Are we to continue in sin that grace may abound?
By no means! How can we who died to sin still live in it?
Do you not know that all of us who have been baptized into Christ Jesus
were baptized into his death?

We were buried therefore with him by baptism into death,
in order that, just as
 Christ was raised from the dead by the glory of the Father,
we too might walk in
 newness of life.
 For if we have been united with him in a death like his,
we shall certainly be united with him in a resurrection like his.

We know that our old self was crucified with him
in order that
 the body of sin might be brought to nothing,
so that we would no longer be enslaved to sin.

For one who has died has been set freefrom sin.
Romans 6:1-7

Reflecting upon a time when he was asked to speak to a group of prison inmates in Ukraine, Donald M. Fairbairn Jr., PH.D., writes:

As I thought about what I might say, my mind turned to these two passages [Matthew 27:46; Hebrews 13:5]. Forsakenness – that was something these men would know about. Their society had locked them up, abandoned them. True, [the guilty] deserved it. But in a sense we all deserve something worse than being abandoned by our society. We have all turned away from God, whether actively and obviously, or through more passive neglect of God as we go about our lives. [Because of this,] we all deserve to be forsaken by God.[1]

In light of Dr. Fairbairn’s hard-hitting truth, then, how precious, how priceless – how perfect 
the pardon from Christ and independence from this world that is ours solely through the death and resurrection of Jesus, the Son of God, who chose to be forsaken that we may be eternally, whole-heartedly, completely freed from the prison walls of hell.
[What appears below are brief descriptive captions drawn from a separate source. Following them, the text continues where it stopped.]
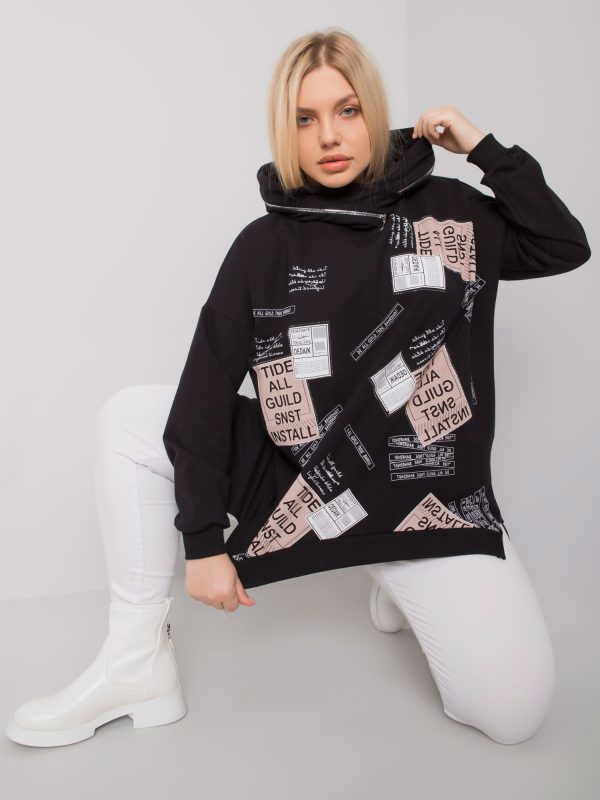 Czarna bluza z kapturem plus size Ives
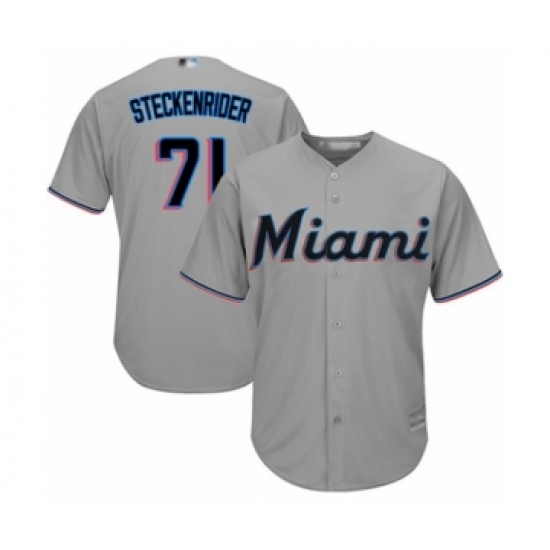 Youth Miami Marlins #71 Drew Steckenrider Authentic Grey Road Cool Base Baseball Player Jersey - Ujersey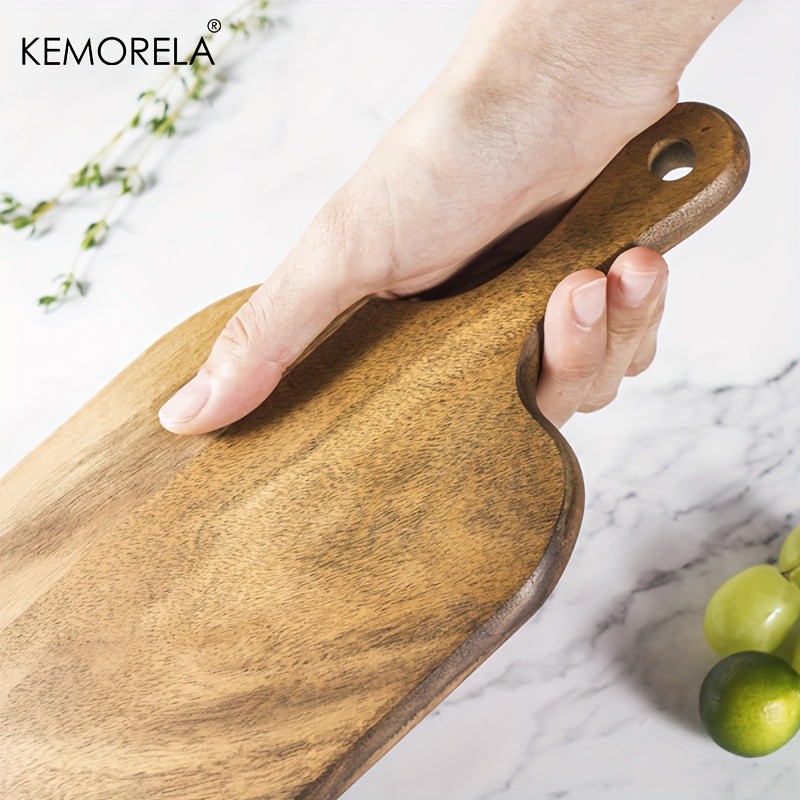KEMORELA Acacia Wood Cutting Board with Handle Extra Long Natural Grain Serving Board for Cheese, Charcuterie, Bread & Fruit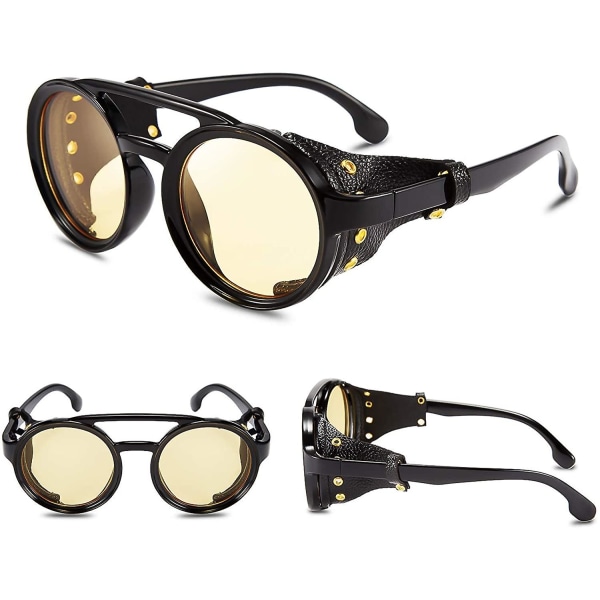 Retro runde Steampunk solbriller Damer Mænd Vintage Eyewear Let plaststel med lædertøj B2532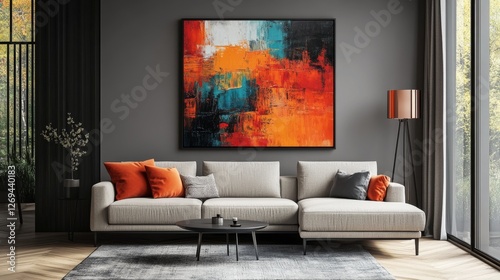 Modern living room with abstract art and stylish furniture in natural light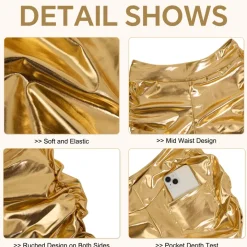 Metallic High Waisted Ruched Shorts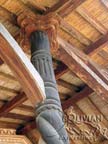 Detail of wooden roof and supporting column of San Rafael Jesuit Church, Chiquitania, Santa Cruz, Bolivia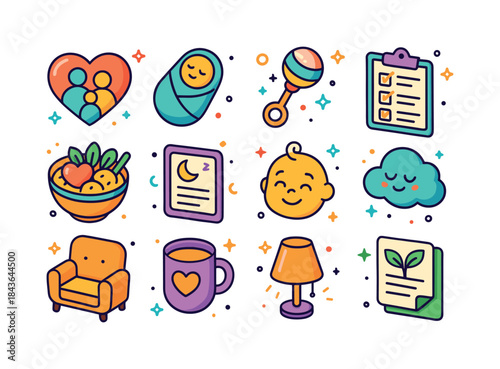 Family Wellness Icons. family wellness. Colorful isometric vecto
So during this week as we bustle about with preparations for celebrating the independence of the United States of America on July 4th– and as we move through every other day of the year, for that matter – what does the idea of freedom mean to you as a follower of Christ?

For me, freedom in its grandest form has been found first in the grace-driven death and resurrection of Jesus Christ, but also in the unlikely element of a pursuit of non-negotiable obedience to Him. In seeking to follow daily the Father’s written instruction, then asking for and acting upon wisdom from His Holy Spirit, there is freedom – the sweetest freedom – from worry, from fear, from guilt, from anxiety.

Because what remains in that freedom is the quiet, inner peace of knowing that by true and genuine obedience to God one has done all one can do in any aspect of life.

And that Jesus – on our behalf – can and will take it from here.

[1] Printed in Journey to the Resurrection 2013, Gordon Conwell Theological Seminary.